Always to the frontier

Wednesday, February 4, 2015

Wednesday Filler: Philadelphia's Environmentalist River

The Schuykill River was, like the Juniata spoken of yesterday, a major conduit for colonial expansion deeper into Pennsylvania.  The Lenape people, re-named the Delaware by later Pennsylvanians, formed part of the central portion of their nation around the banks of this and the Delaware River.  Unlike the Haudenosaunee who lived further west in the mountains, the Lenape spoke an Algonquian language, like many other nations along the Atlantic coast from Virginia to Maine.  The Lenape were pretty knowledgeable farmers, and readily understood the ecological importance of fire; the local pine barrens naturally renewed with periodic fires.  The banks of the river itself were, and are, largely lush, owing to the humid and mild climate of this part of Pennsylvania.

Looking north off of the bridge carrying US 30.  As one can tell from the exposed banks, the tide is low (this lower part of the river is influenced by oceanic tides, like the lower Delaware which it flows into).  A weir runs across the length of the river beyond the next bridges.  That classical looking building on the right is the Philadelphia Museum of Art, where Rocky the steps.

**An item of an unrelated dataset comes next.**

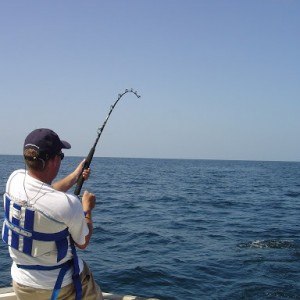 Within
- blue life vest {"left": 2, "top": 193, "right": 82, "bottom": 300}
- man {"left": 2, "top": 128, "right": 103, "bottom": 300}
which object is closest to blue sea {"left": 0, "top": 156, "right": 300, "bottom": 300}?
man {"left": 2, "top": 128, "right": 103, "bottom": 300}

The river has seen not so natural history, of course, being torn apart and polluted by some of the earliest activity of the Industrial Revolution in North America.  The river was of immense fascination for naturalists such as both Bartrams and Audubon, and was later the focus of one of attempts to ensure cleaning drinking water for Philadelphia.  In the last century, it has been largely cleaned up, and much of its banks are incredibly natural, rather than developed right to the water's edge.  Today the river retains its traveler focus, thanks to such environmentalist foundations and concern, and serves as an incredible place to canoe or kayak while taking in scenes of nature in the midst of a cosmopolitan, yet very American, city.